Ecco la stele del tenente Eraldo Locardi, comandante del Primo Battaglione Badoglio, nato a Milano nel 1920, ventitré anni; segue Salvatore Conti, loverese del 1922, ventun anni come Mario Tognetti, di Grumello; vengono poi Giuseppe Ravelli, nato a Casnigo nel 1923, vent’anni; Andrea Guizzetti, di Lovere, nato nel 1924, diciannove anni come Ivan Piana; Guglielmo Macario (Cinto), loverese, del 1925, diciotto anni come Francesco Bessi di Cazzago S. Martino, e come Vittorio Lorenzini di Telgate. Infine, i più giovani: i diciassettenni Giovanni Moioli, nato a Grumello del Monte nel marzo 1926, e Giovanni Vender, nato nell’ottobre del medesimo anno. Tutti appartenevano a famiglie operaie o di artigiani.

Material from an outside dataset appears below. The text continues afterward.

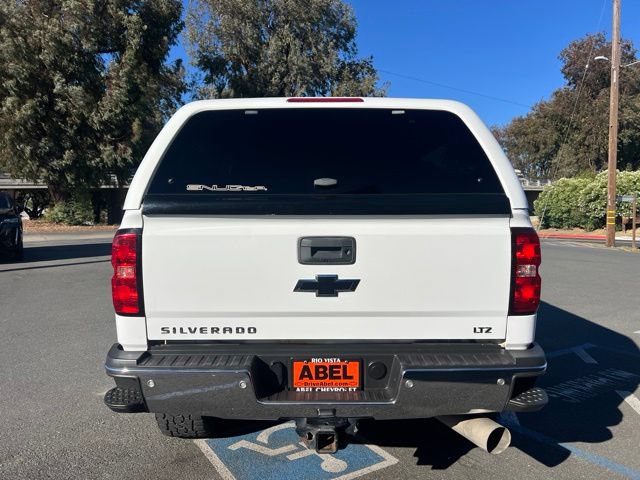 Used 2018 Chevrolet Silverado 2500 LTZ w/ Duramax Plus Package AWD/4WD image 9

Se ci si ferma davanti a questo sacrario, lo sguardo abbraccia i singoli elementi del monumento, perdendosi anche nella leggerezza del cielo e nel colore delle montagne che fanno da sfondo, specchiandosi nel lago.

Al fruscio del vento che si infila nei rami dei cipressi e fra le foglie delle siepi, sembra di sentire – per effetto dell’immaginazione e della commozione – come un’eco: sono le voci di coloro che ormai da decenni dormono in questo luogo appena rialzato rispetto alla strada, alla fine del “vallone”, continuando a dare testimonianza degli ideali che li animarono contro gli oppressori, mai per rabbia, ma in nome di un comune desiderio di libertà e di un futuro diverso e migliore per tutti.

LE VOCI: ERALDO LOCARDI

Si intende la voce calda e appassionata del ten. Locardi, Longhi.

«Ho combattuto nel Regio Esercito Italiano, credendo di fare il mio dovere mentre aggredivo, ubbidendo agli ordini, la Grecia e l’Albania, rimanendo ferito. Dopo la caduta di Mussolini, quando l’esercito venne abbandonato a sé stesso, capii che la Patria non era quel nome per cui si assalivano con le armi altri popoli, in nome di un disegno politico di conquista, bensì quella realtà che era motivo d’onore difendere dalle spire del nazifascismo. Lì avrei voluto che vivessero mia moglie e mia figlia.

Perciò, dopo l’8 settembre, raccolsi altri militari, desiderosi di battersi come me contro gli occupanti tedeschi e i fascisti traditori della patria.

Confermo ancora oggi quanto dissi ai miei uomini, quando ci raccogliemmo in banda. Guai se avessimo lasciato che la Bestia vincesse. Scegliemmo una guerra di soldati tutti volontari, non obbligati da nessuno, ma spinti solo da un profondo senso dell’onore.